To her benefit, the audience is all the more engaged for it, be they her most devoted fans or the second-date couple who bought tickets on a lark (it is the Kennedy Center, after all). Regardless of whether she is introducing a new number (“I Love Today” by Kim Kalesti, so sweet) or succumbing to the pressures of singing more “popular” standards (like Alan Jay Lerner and Frederick Loewe’s “I Could Have Danced All Night,” jubilation, and John Kander and Fred Ebb’s “Cabaret,” fresh and bluesy), the audience unwittingly shifts toward the front of their seats in expectant anticipation of where she may be taking them.
It helps that she has the support of a nimble, savvy music director in Andy Einhorn. Under his guest baton, the NSO fades appropriately into the background on most numbers (even though sound balance issues in the Concert Hall occasionally relinquished McDonald’s voice to the musical force behind her), but teeters on the verge of underutilization.

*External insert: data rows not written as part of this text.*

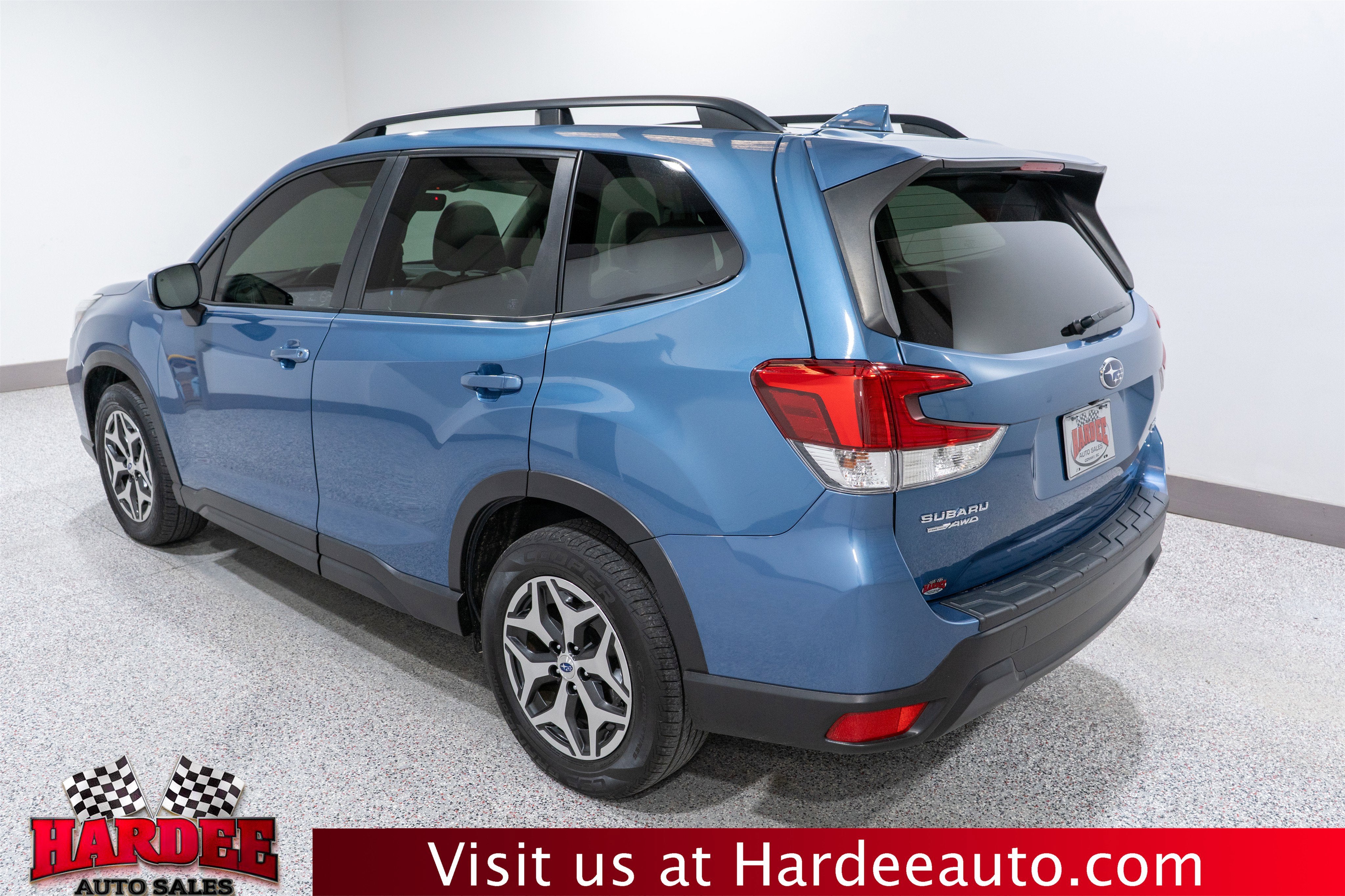 2019 Subaru Forester Premium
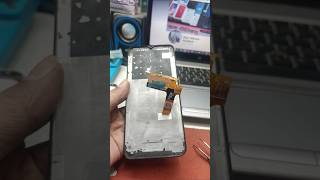 Mobile lcd change tech repair technology [upl. by Dalton]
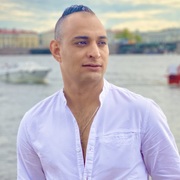 Shenouda Neno, 31, Санкт-Петербург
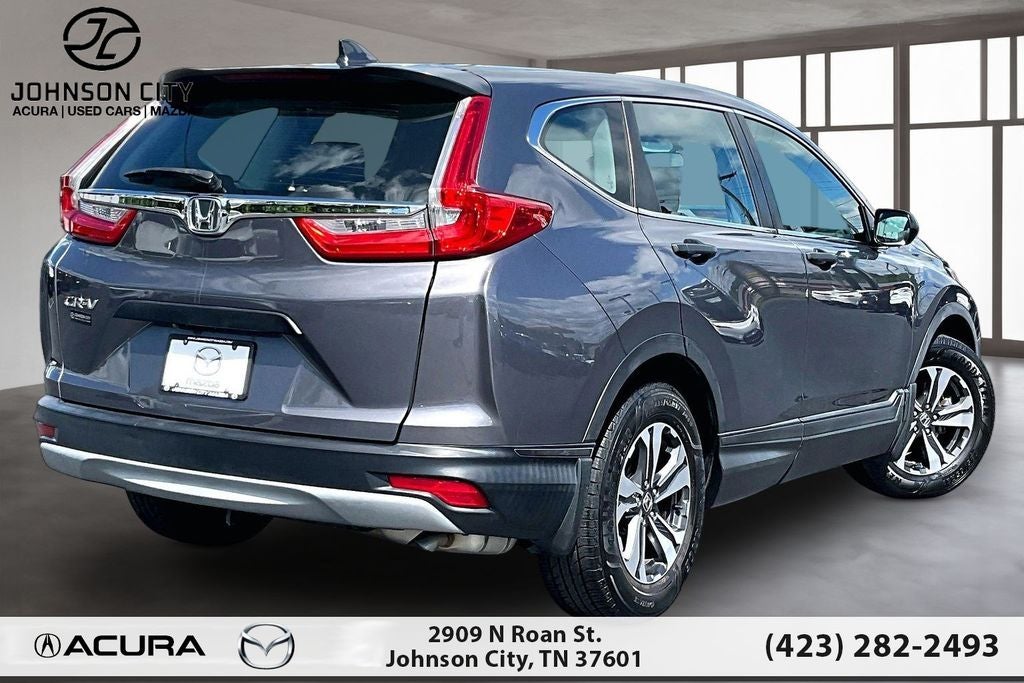 2018 Honda CR-V LX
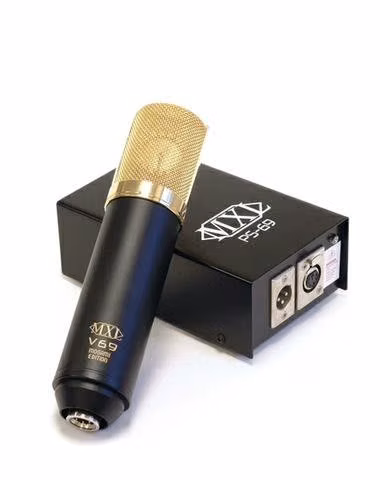 Micrófono MXL V69 - Imagen 2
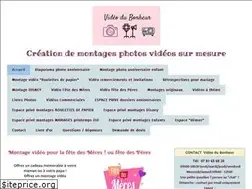 Sites similar to videodubonheur.com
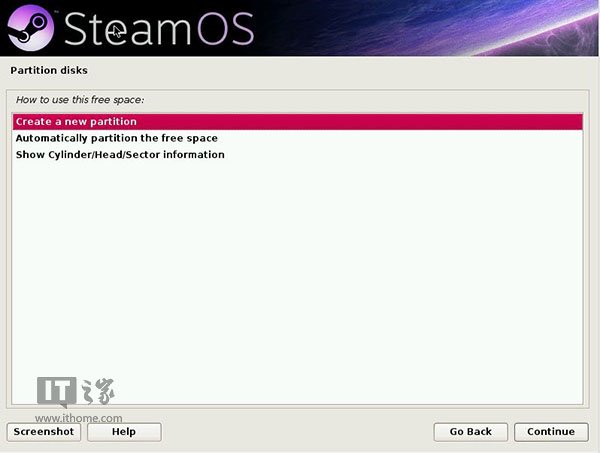 Win7/Win8传统BIOS图文安装SteamOS教程12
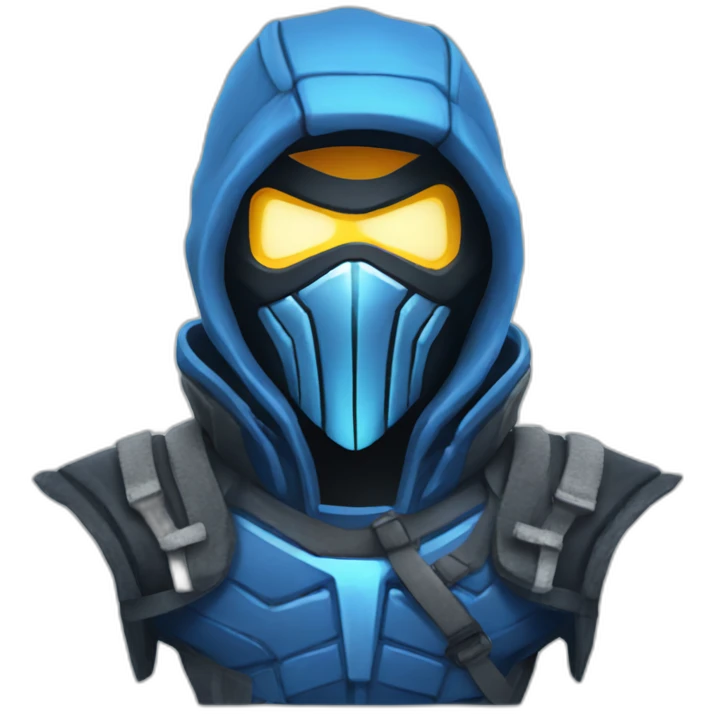 sub zero logo emoji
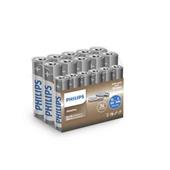 Baterie Philips LR036A16F/10 Entry Alkalická 10ks AA+ 6ks AAA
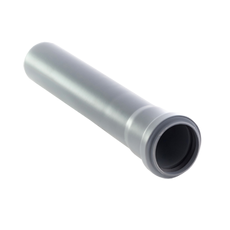 Труба канализационная Пиарком 110х2,2х150мм РосТурПласт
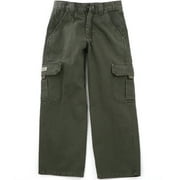 Wr Classic Cargo Twill Pants Sizes 4-7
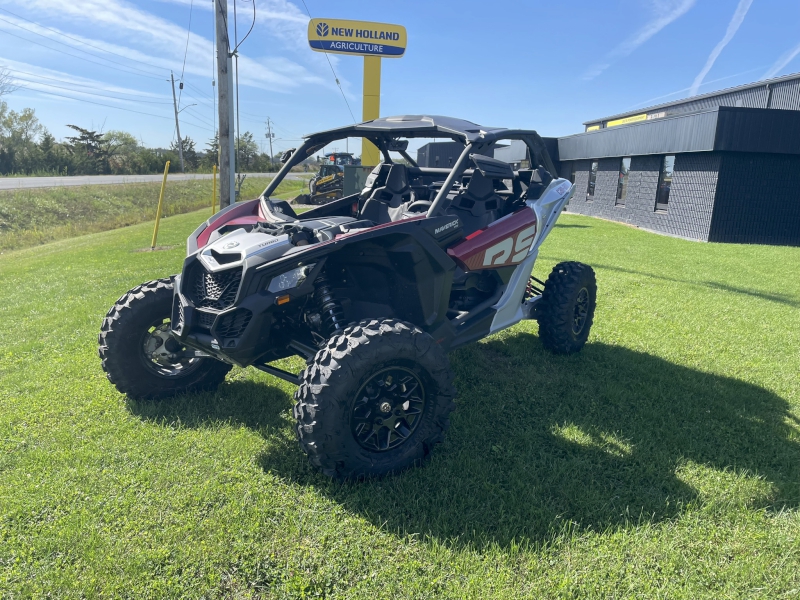 ATV & Utility Vehicles  2024 CAN-AM MAVERICK X3 RS TURBO SIDE BY SIDE Photo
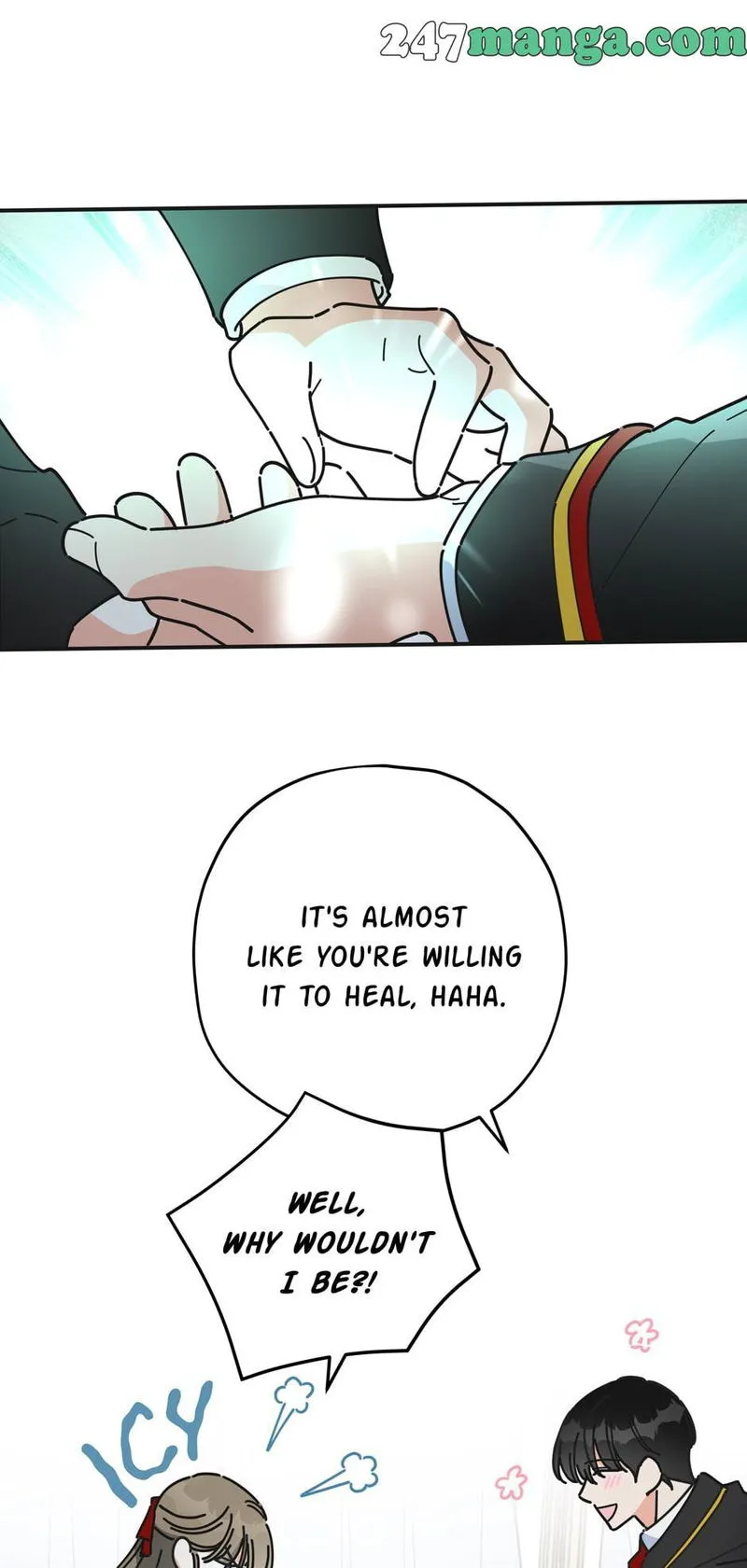 The Evil Lady’s Hero Chapter 68 Online - página 20
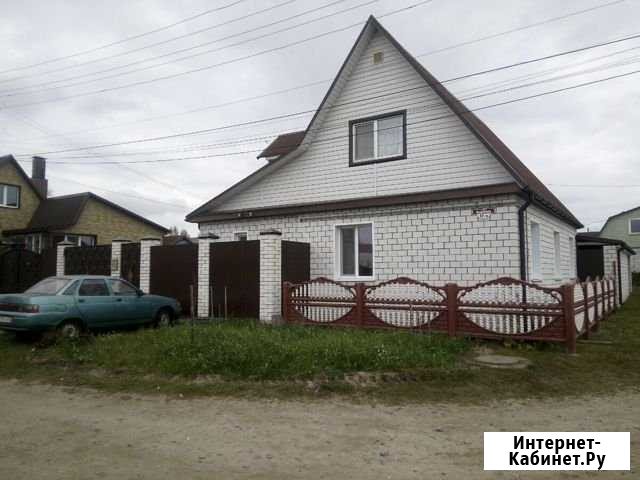 Дом 130 м² на участке 5 сот. на продажу в Карачеве Карачев - изображение 1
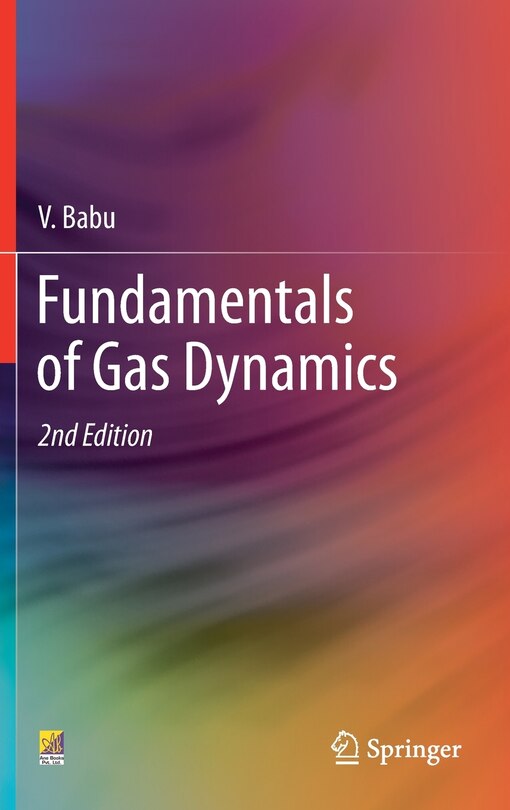 Front cover_Fundamentals Of Gas Dynamics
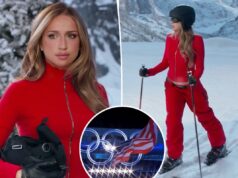 A cantora canadense Tate McRae desperta fúria após apoiar a equipe dos EUA no anúncio das Olimpíadas: ‘Traidor’ A cantora canadense Tate McRae desperta fúria após apoiar a equipe dos EUA no anúncio das Olimpíadas: 'Traidor'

The single exception is Richard Rodgers’ “Carousel Waltz,” one of the composer’s finest works, which functions as both an overture and a showcase of the orchestra’s musical bravado. It is a transporting selection, effectively repositioning the audience in an era when show tunes and pop hits were one and the same, and transforming the Concert Hall, with its four tiers and a seating capacity that far outnumbers any of the 41 legitimate Broadway theaters, into something more akin to a cramped auditorium wedged on 45th St between 7th and 8th Avenues.
Experiencing such a performance in this living monument to the performing arts, one can’t help but wonder if (or, perhaps, when) McDonald will find herself in the President’s Box at a future Kennedy Center Honors. In a business where so few achieve the kind of professional longevity McDonald has achieved (with 13 Broadway credits across three decades under her belt), one can only hope that her contributions to the American musical theater will eventually be immortalized in such a way. But, thankfully, there is no indicator that she is stopping any time soon. Is it possible for a person to begin a career in their prime and never leave it? The folks at Spotify shouldn’t be surprised to see a spike in McDonald-related streams throughout the Washington area this week. Whenever McDonald rolls into town, or comes through a pair of headphones as clear as a whistle, one can’t help but think: happy days are here again.
Running Time: Two hours and 10 minutes.
Audra McDonald plays a two-night engagement with the National Symphony Orchestra on January 30 and 31, 2024, in the John F. Kennedy Center for Performing Arts Concert Hall, 2700 F St NW, Washington, DC.